La sua presenza in Vaticano ha destato curiosità. Ma Saviano spiega: «Ero stato anche ai funerali di Wojtyla, da cronista. Seguivo la vendita dei panini, organizzata dal clan». E sottolinea quanto la figura di Francesco, a differenza delle autorità presenti, abbia voluto essere toccata dagli ultimi.

“Mi sento in colpa. La mia famiglia ha pagato tutto. Io ho scelto, loro hanno solo perso”

Saviano ammette il dolore più intimo: la scomparsa recente della zia, vissuta in solitudine. «Ho la sensazione di aver sbagliato tutto», confessa. «I miei genitori si sono sradicati da Caserta per proteggermi. Io ho fatto carriera, loro hanno solo pagato».

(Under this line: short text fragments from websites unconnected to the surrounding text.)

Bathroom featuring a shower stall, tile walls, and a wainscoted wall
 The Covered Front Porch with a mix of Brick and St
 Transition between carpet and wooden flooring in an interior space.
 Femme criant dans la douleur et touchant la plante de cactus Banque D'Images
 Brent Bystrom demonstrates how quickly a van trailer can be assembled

E ancora: «Pensavo di cambiare la realtà con i libri, di accendere una luce. Ma ho solo generato isolamento».

“Il simbolo è di pietra. Non puoi sbagliare, non puoi contraddirti. Non sei più uomo, ma solo rappresentazione”

La condizione di scrittore-simbolo lo opprime: «Esisto per quello che rappresento, non per quello che sono». E il suo ruolo pubblico – protetto, attaccato, giudicato – ha inciso su tutto: amicizie, amore, libertà. «Quando vuoi bene a qualcuno, quella persona deve restare fuori dalla gabbia in cui tu sei chiuso. Nessun amore sopravvive così».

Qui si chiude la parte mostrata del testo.